Exercise |
Only the lines from the beginning of the data through the one with "Portrait girl canvas" belong in the answer, each retyped exactly, with pictures left out.

(Saved data entries)
Content starts

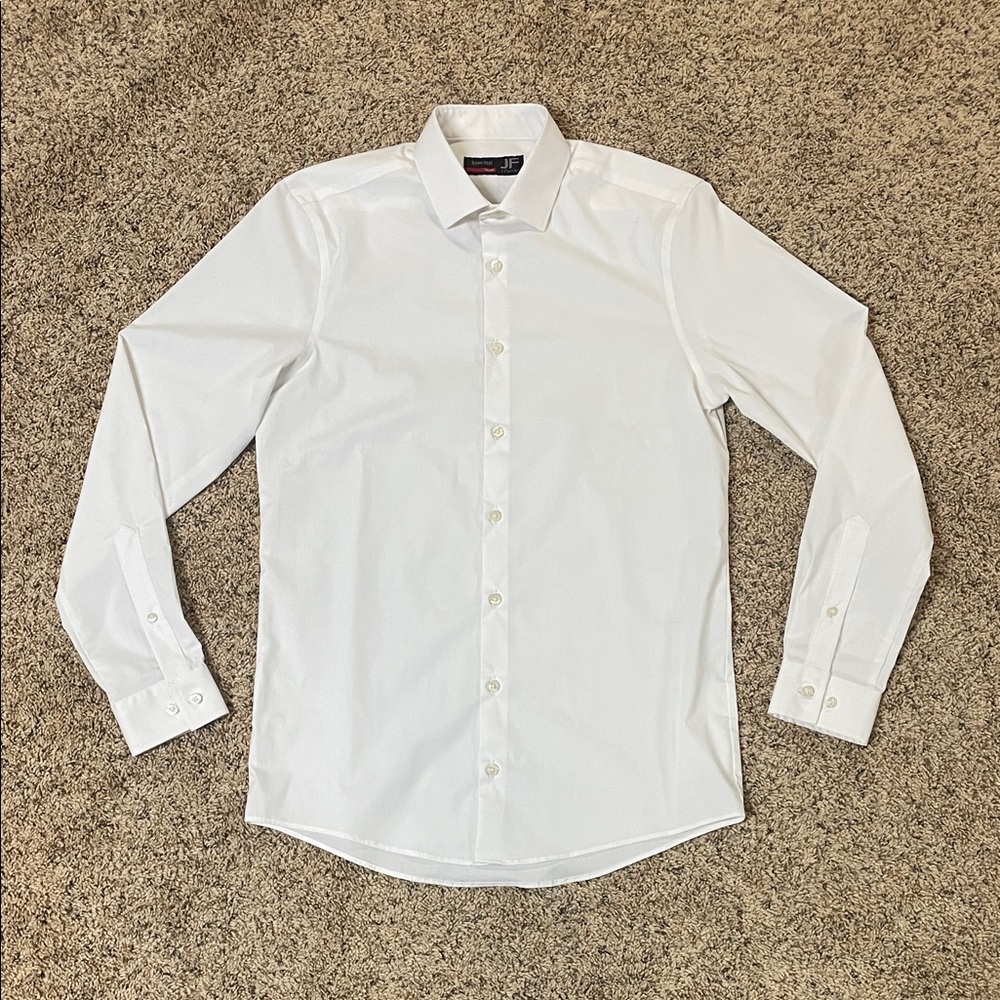 J.Ferrar Classic White Men's Small Slim Dress Shirt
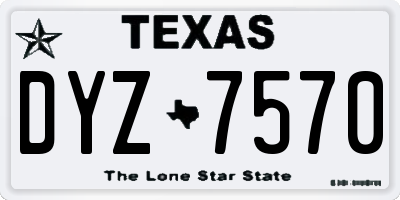 TX license plate DYZ7570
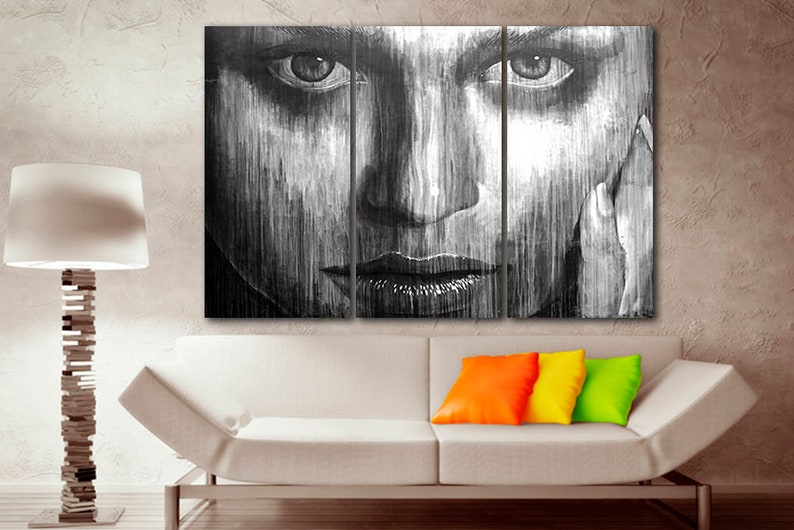 Portrait girl canvas Eyes women print Black white Face art Ready to hang Abstract room decor unique gift Wall office decor Home decoration image 4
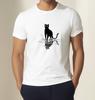 Minimalist Black Cat Reflection T-Shirt Artistic Water Ripple Graphic Tee Unisex Unisex T-Shirt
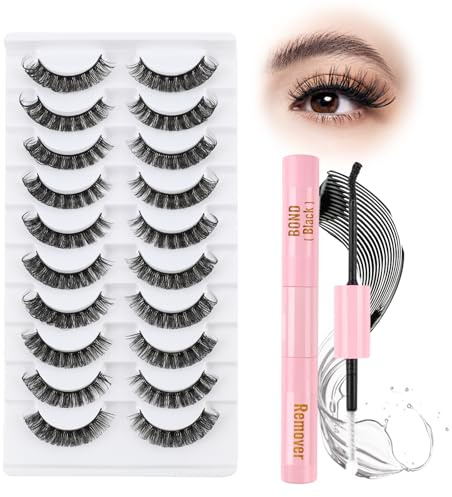 Glowing Win Russische Falsche Wimpern Set mit Kleber Fake Lashes 10Paar | with Bond&Remover, Künstliche Wimpern 3D Natürlich Wimpern Russian Lashes Cat Eye Eyelashes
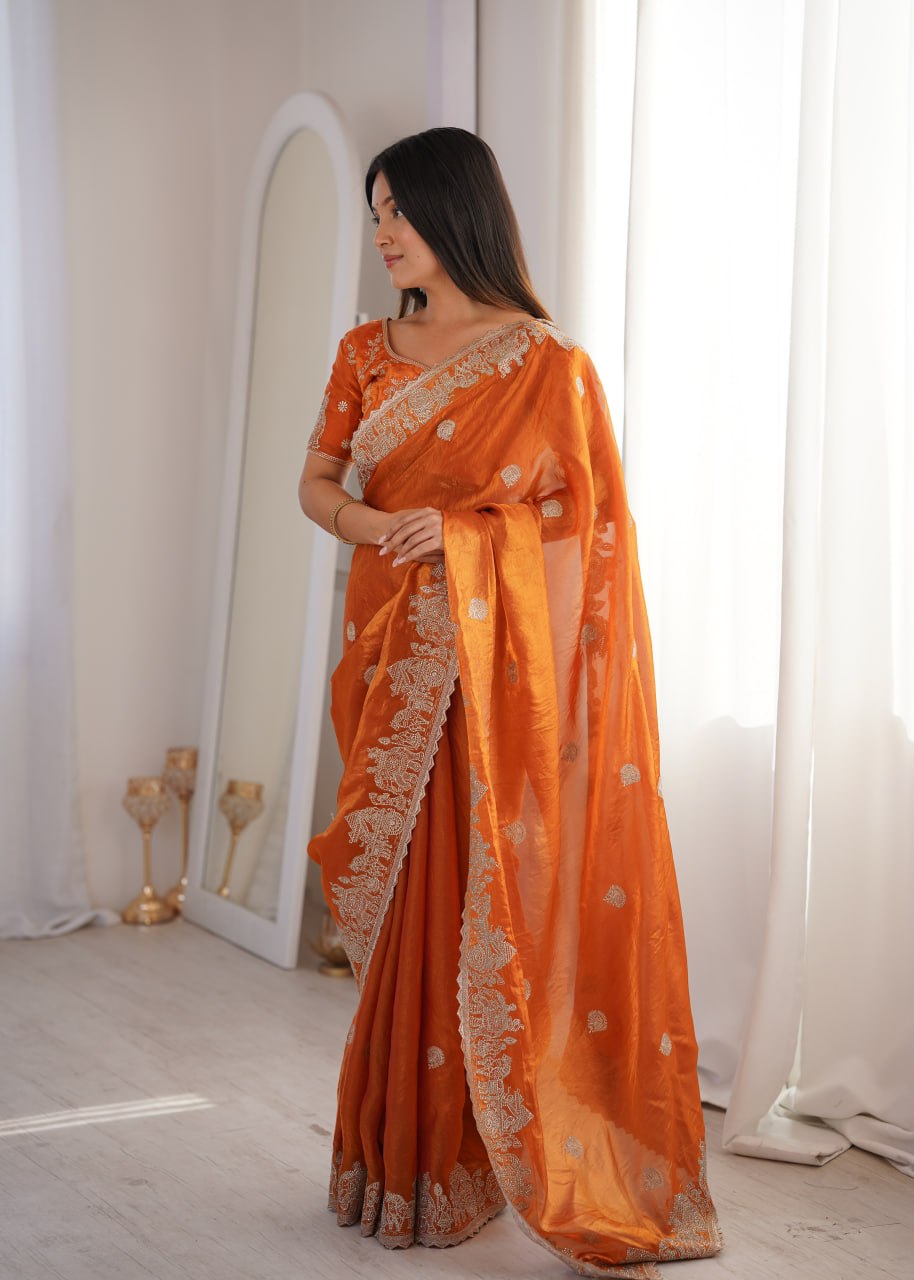 Orange Designer Fendy Crush Saree ClothsVilla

Content ends

Exercise output |
 J.Ferrar Classic White Men's Small Slim Dress Shirt
 TX license plate DYZ7570
 Portrait girl canvas Eyes women print Black white Face art Ready to hang Abstract room decor unique gift Wall office decor Home decoration image 4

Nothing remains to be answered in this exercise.